Outra coisa que me vem imediatamente ao espírito quando leio a crítica de Orwell ao tédio da Utopia é uma famosa frase de Raoul Vaneigem, que li na minha adolescência, mas de que nunca me esqueci (embora para a citar sem erros tenha tido de fazer uma pequena pesquisa na internete, claro está…). Em Traité de savoir-vivre à l’usage des jeunes générations, o situacionista Vaneigem critica implicitamente os modelos de sociedade propostos pela esquerda tradicional: «Não queremos um mundo onde se troque a certeza de não morrer de fome pelo risco de morrer de tédio.»

[4] Pormenor frequentemente omitido na reflexão sobre a utopia: as utopias nascem muitas vezes da subjugação ou expulsão dos povos primitivos que habitavam antes a região. A ideia de que a utopia do período clássico é também uma justificação da colonização é desenvolvida por Christian Marouby em Utopie et primitivisme : essai sur l'imaginaire anthropologique a l'âge classique, Paris: Seuil, 1990.

[5] Com todo o rigor, o uso do termo desmoralização não é correcto, porque um dogma indiscutível é também uma proposta de código de comportamentos e, portanto, uma proposta moral em sentido lato, mas uso aqui desmoralizar no sentido de “furtar à discussão ética”.

[6] Isto é perfeitamente marginal para esta discussão, e é por isso mesmo que aparece em nota de rodapé, mas, se designarmos com a palavra marxismo a própria teoria de Marx e não uma tradição de programas políticos que se dizem seus seguidores, o marxismo é (ao contrário do que normalmente defendem as pessoas que se dizem marxistas e os seus críticos), uma teoria antiestatista de tipo anarquista. Um estudioso da obra de Marx, Lucien Séve, espanta-se, num texto que traduzi há uns anos (Mudar o Futuro, Lisboa: Campo da Comunicação, 2004), com uma curiosa omissão pela totalidade dos “marxistas” de uma ideia central do pensamento de Marx (e que é comum a outros pensadores da sua época):

«Com as precisões de Marx na sua Crítica ao programa de Gotha em 1875, o socialismo é uma forma social intermediária, uma pura transição para o comunismo», «em que será dado “a cada um conforme as suas necessidades” e em que a própria imposição que o Estado constitui acabará por desaparecer». «E eis então algo», acrescenta Séve, «que é de nos deixar realmente estupefactos: durante a sua longa existência – mais de 70 anos no caso da União Soviética –, não só nenhum país socialista passou para o comunismo, como também nem sequer, exceptuando alguns breves discursos de Khrutchov por volta de 1960, encarou a possibilidade de concretizar, nem que fosse parcialmente, uma tal transição. É este, se pensarmos bem, o mais extraordinário dos enigmas do marxismo: concebido expressamente como transicional, o socialismo recusou-se em todo o lado, de uma forma obstinada, a transitar para o comunismo».
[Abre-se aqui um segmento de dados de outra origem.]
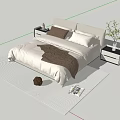 Double Bed With Light Colored Headboard White Comforter Brown Pillows Bedside Tables And Green Plant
Séve refere ainda que Engels, no prefácio ao Manifesto do partido comunista, explica que «Marx e ele próprio não poderiam ter intitulado socialista o dito manifesto», porque «socialismo caracterizaria uma atitude não só pequeno-burguesa e propensa às cedências, mas também estatista», que não era, portanto, a deles, mas sim a «tradição bem enraizada da Associação dos Trabalhadores Sociais-Democratas Alemães dirigida por Lassalle, que marcou toda a social-democracia. A ideia comunista, pelo contrário, é à partida operária, radical, mas também antiestatista».
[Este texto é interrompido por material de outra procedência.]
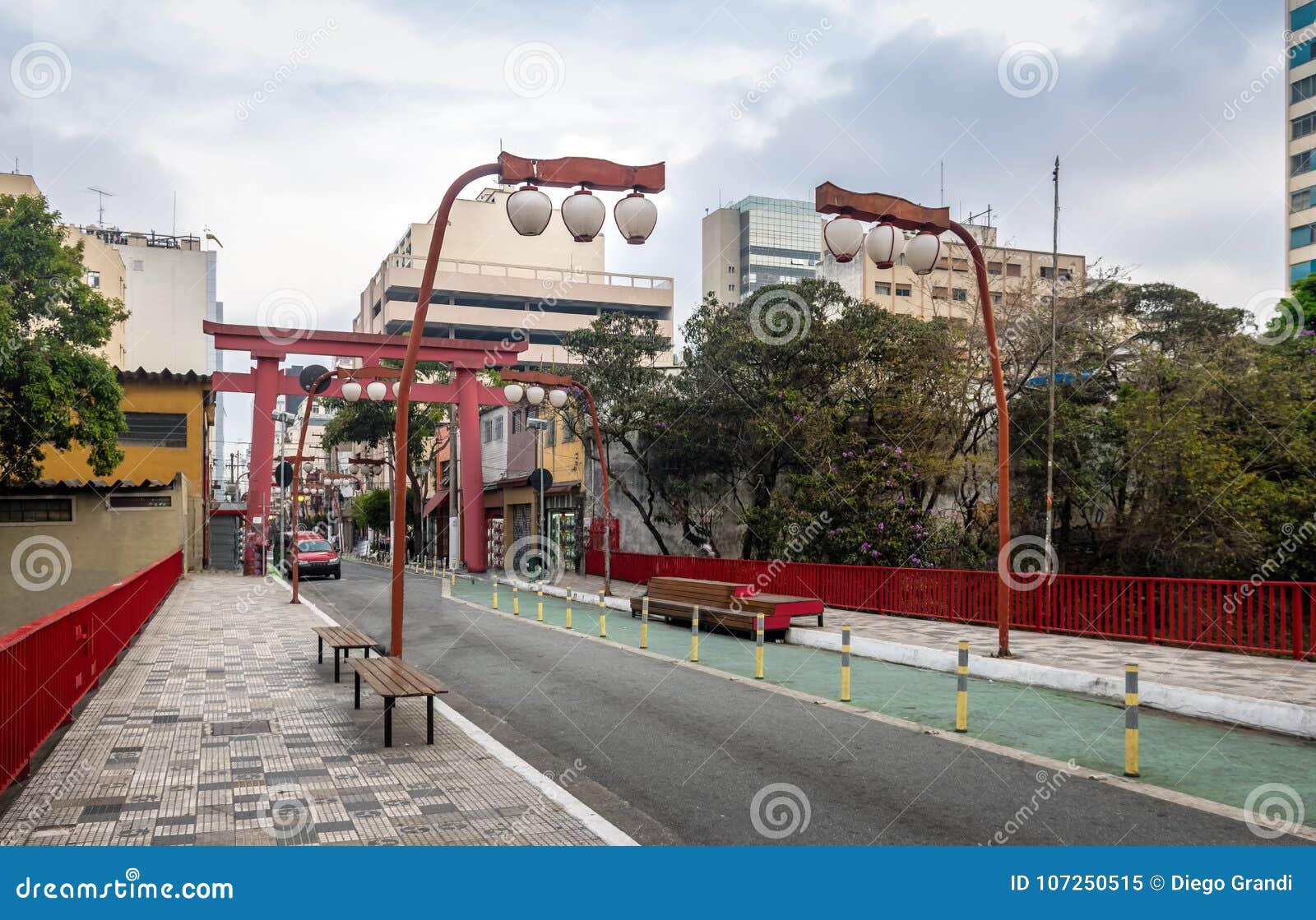 torii gate at liberdade avenue in liberdade japanese neighborhood - sao paulo, brazil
Evidentemente, pode-se atribuir ao próprio Marx a culpa desta reiterada omissão pelos seus seguidores, uma vez que, como os pregadores cristãos nunca chegam a descrever o Céu, Marx nunca chega a descrever a sociedade sem Estado a que a História conduzirá o mundo…
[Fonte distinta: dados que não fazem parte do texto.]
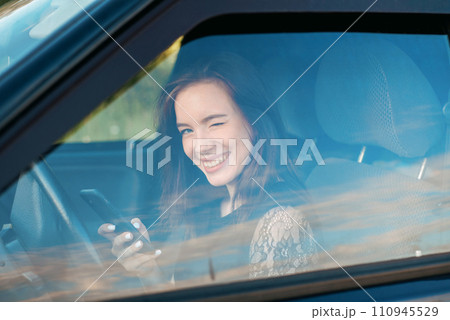 a girl driving a car chats on the phone. pretty young girl driving 110945529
O problema é sempre o mesmo: interrogado pelo seu discípulo sobre como é o estado de perfeição que surge pela anulação do Eu e sobre quem estará a contemplar o mundo como ele de facto é quando deixar de ser o engano da Mente a deturpar a percepção da realidade, o mestre zen limita-se, como única resposta, a descalçar um sapato e a colocá-lo em cima da cabeça. Pois…

1 comentário:

Desidério Murcho disse...

Muito obrigado pela lúcida discussão!